Gov. Neil Abercrombie on Friday signed a minimum-wage increase into state law, couching the pay raise for low-income workers in Hawaii's proud, and often forgotten, history of labor activism.
At a signing ceremony at the state Capitol auditorium, the governor dedicated the law to the late Dave Thompson, a revered activist with the International Longshore and Warehouse Union, and others who have strived for worker rights.
Abercrombie said he has always disliked the label of a minimum wage because, he said, "it has the connotation, ‘What's the least we can do to let you survive?' I always thought it wasn't a minimum wage; it was a survival wage.
"And in today's world, that minimum wage is not a survival wage — certainly not in Hawaii and almost anywhere else, as well."
The state's $7.25-an-hour minimum wage will gradually climb to $10.10 an hour by January 2018. The 25-cent tip credit, the amount businesses can deduct from workers who earn tips, will expand to 75 cents.
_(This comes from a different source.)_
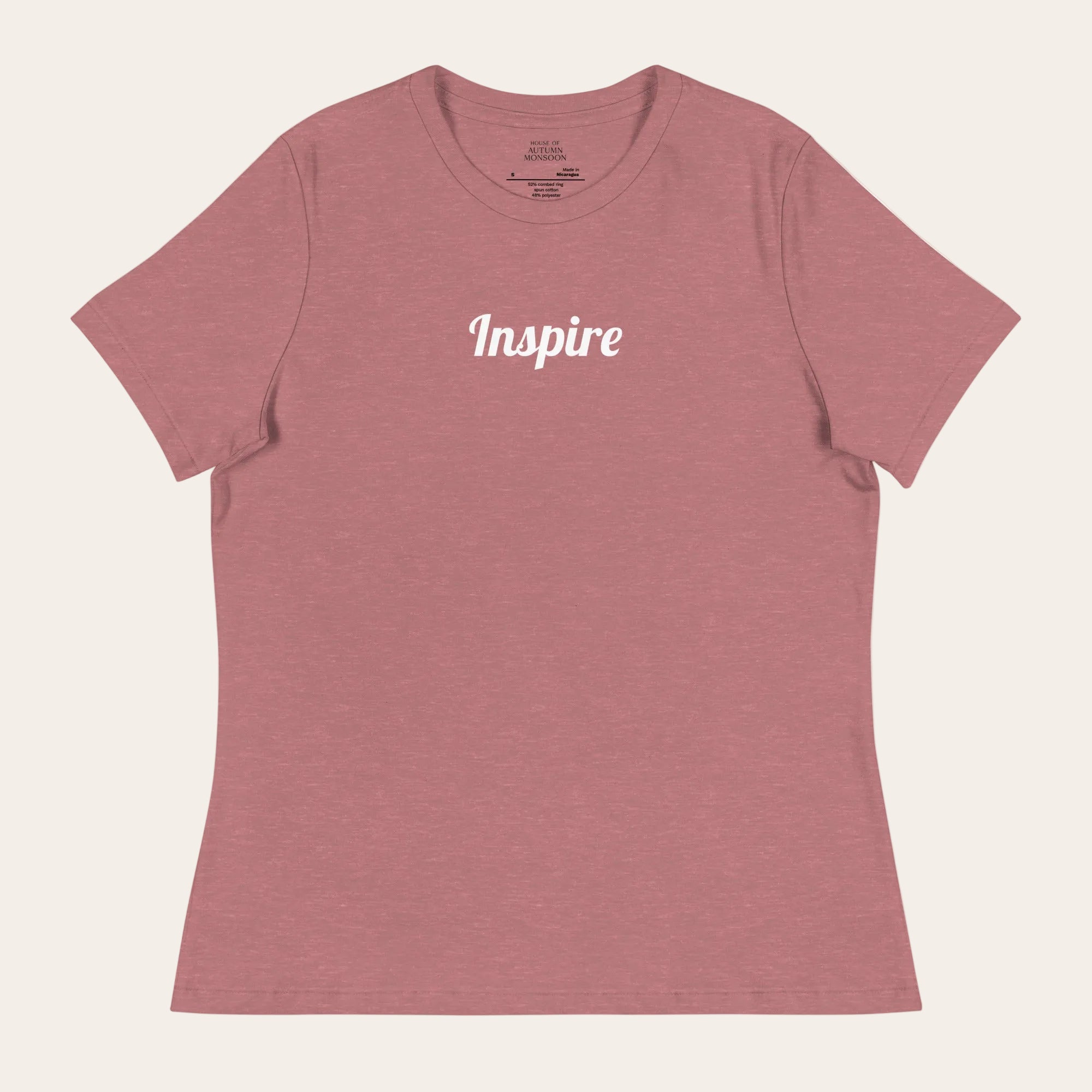 Pink t-shirt with 'Inspire' text on a white background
But businesses will not be able to deduct the tip credit unless workers earn at least $7 an hour above the minimum wage, up from 50 cents.
While the new law is an election-year policy victory for Democrats, who have highlighted income inequality as a theme in Hawaii and across the nation, passing a minimum-wage increase was a two-year struggle at a Legislature controlled by majority Democrats.
Hawaii's minimum wage has not been increased since 2007.
Just 2.2 percent of the state's labor force earns the minimum wage. Yet the low wage floor has disappointed labor and social-service advocates given the state's high cost of living and the 6.2 percent of workers who hold multiple jobs to make ends meet.
Abercrombie has called for a minimum-wage increase for the past two years. President Barack Obama has also sought to raise the federal minimum wage to $10.10 an hour, yet Hawaii lawmakers only agreed to $10.10 after the persistence of state Sen. Clayton Hee and state Rep. Mark Nakashima, the main negotiators on the bill.